The unending feuds over KPLC meter supply deals 

Prepaid electricity meters at a building in Mombasa

Prepaid electricity meters at a building in Mombasa. The High Court this week stopped Kenya Power from going ahead with its Sh22 billion tender for the supply of smart meters, hitting the utility with the latest blow in its fresh attempt to purchase the crucial gadgets that have run out of supply.

Photo credit: Kevin Odit | Nation Media Group

The High Court this week stopped Kenya Power from going ahead with its Sh22 billion tender for the supply of smart meters, hitting the utility with the latest blow in its fresh attempt to purchase the crucial gadgets that have run out of supply.

The tenders issued by the company for the supply of meters are lucrative, and just like those issued for the supply of other key gadgets, equipment, and materials such as transformers, cables, and poles, are fought for tooth and nail by both local firms and multinationals.

The latest tender in question was issued by the utility in February this year for the supply of some 736,697 electricity meters over the next two years in six slots.

The tender was restricted to local manufacturers.

Kenya Power thereafter issued notifications of intention to award the tender to four local firms including Inhemeter Africa Company Ltd, Smart Meter Technology Ltd, Yocan Group Ltd, and Magnate Ventures Ltd.

Benedict Kabugi Ndung’u moved to court last week arguing that the tender’s eligibility criteria were watered down to include local assemblers of meters and not manufacturers as earlier advertised, through six addenda, a fact that changed the substance of the original tender document.

In his suit, Mr Kabugi said the entire process leading to the award was marred by procedural and substantive irregularities including breach of several sections of the Public Procurement and Asset Disposal Act.

This week, Justice John Chigiti certified the petition as urgent and directed the power utility company not to sign any agreement with winners in a twist that is set to delay the purchase of the meters.
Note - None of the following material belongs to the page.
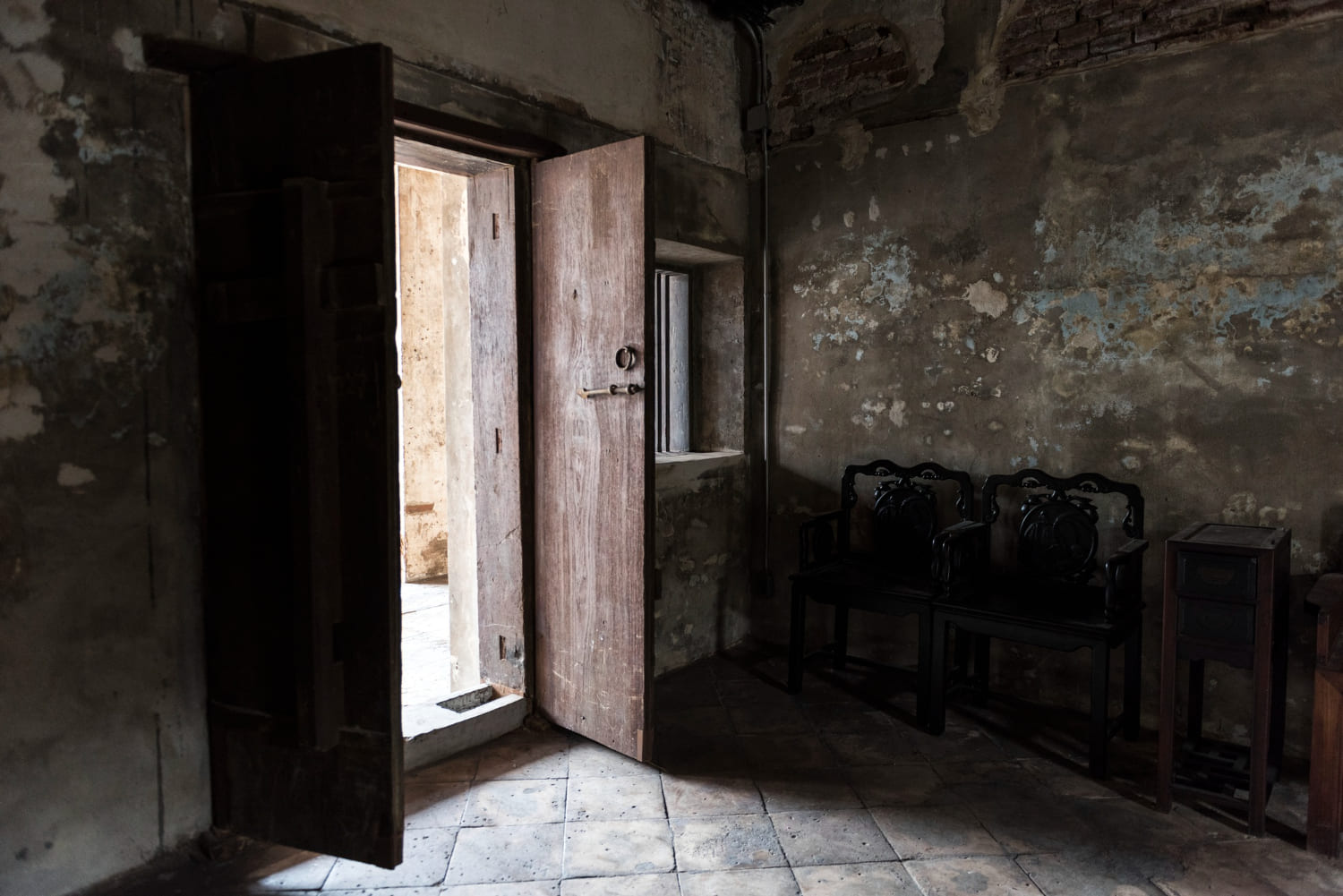 The NYC ‘Ghost Houses’ No One Talks About—And Why Selling Fast Matters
“The leave so granted do operate as a stay of implementation of any decision arising from the notification of intention to award dated 2nd May 2023 including but not limited to actual tender award, signing of the procurement contract, execution and/or performance of procurement contract…,” said the judge.
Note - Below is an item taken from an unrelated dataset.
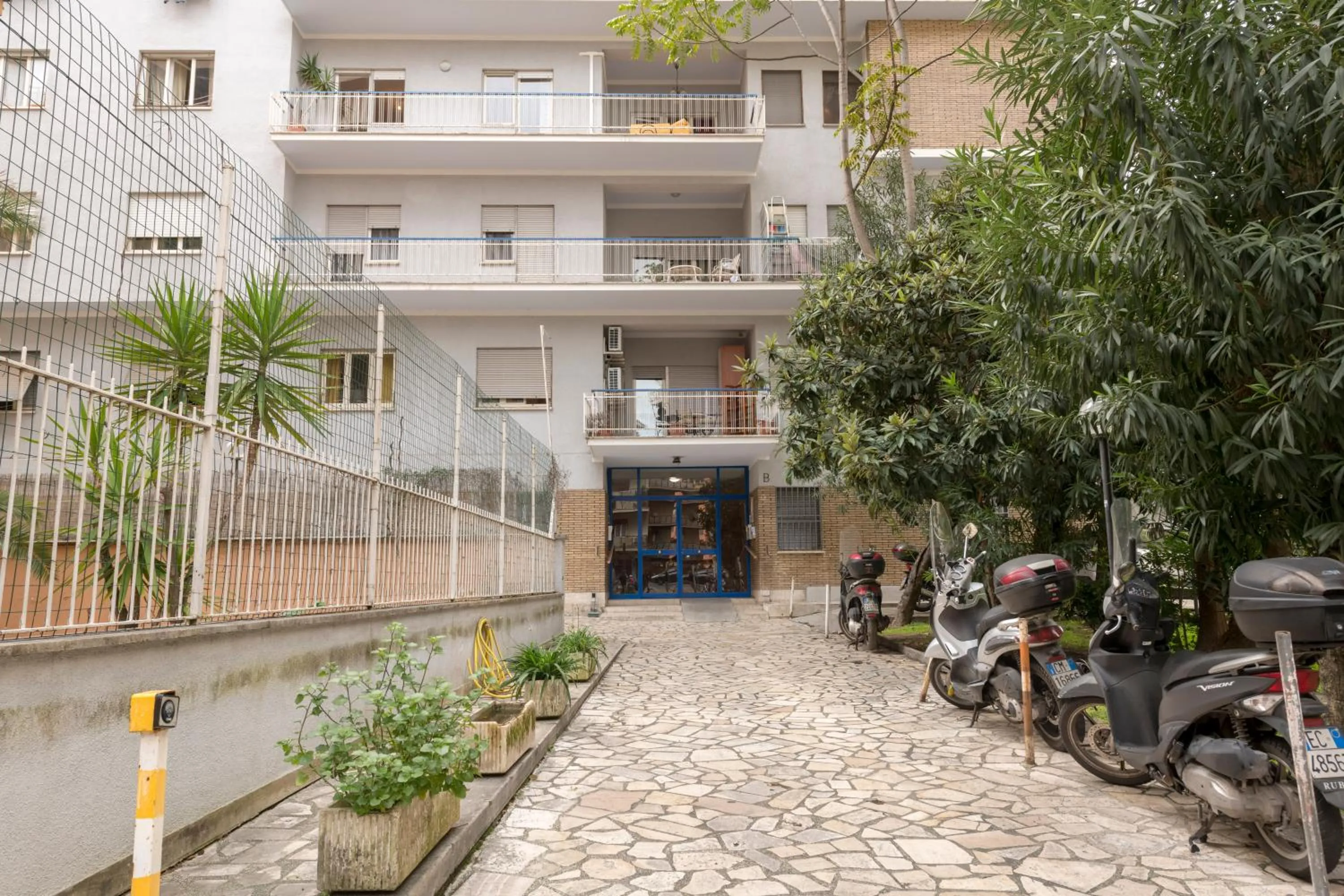Property building in Aurelia 429 Fine Town House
Interestingly, three of the four local firms that the company has issued notifications in the latest tender – Inhemeter, Magnate, and Smart Meter Technology – were part of a quartet of firms that lost a bid for the cancellation of a Sh2 billion meters tender last year.

The Public Procurement Administrative Review Board (PPARB) in June last year dismissed the application filed by the three firms and Shenzhen Star Instrument Company Ltd.

Foreign firms "favoured" 

The companies had complained that Kenya Power locked them out of the tender by placing restrictions that favour foreign firms.

One of the requirements was for bidders to have at least 10 years of manufacturing experience and have supplied power utility companies to at least three continents in either Europe, North America, Africa, Asia, or South America.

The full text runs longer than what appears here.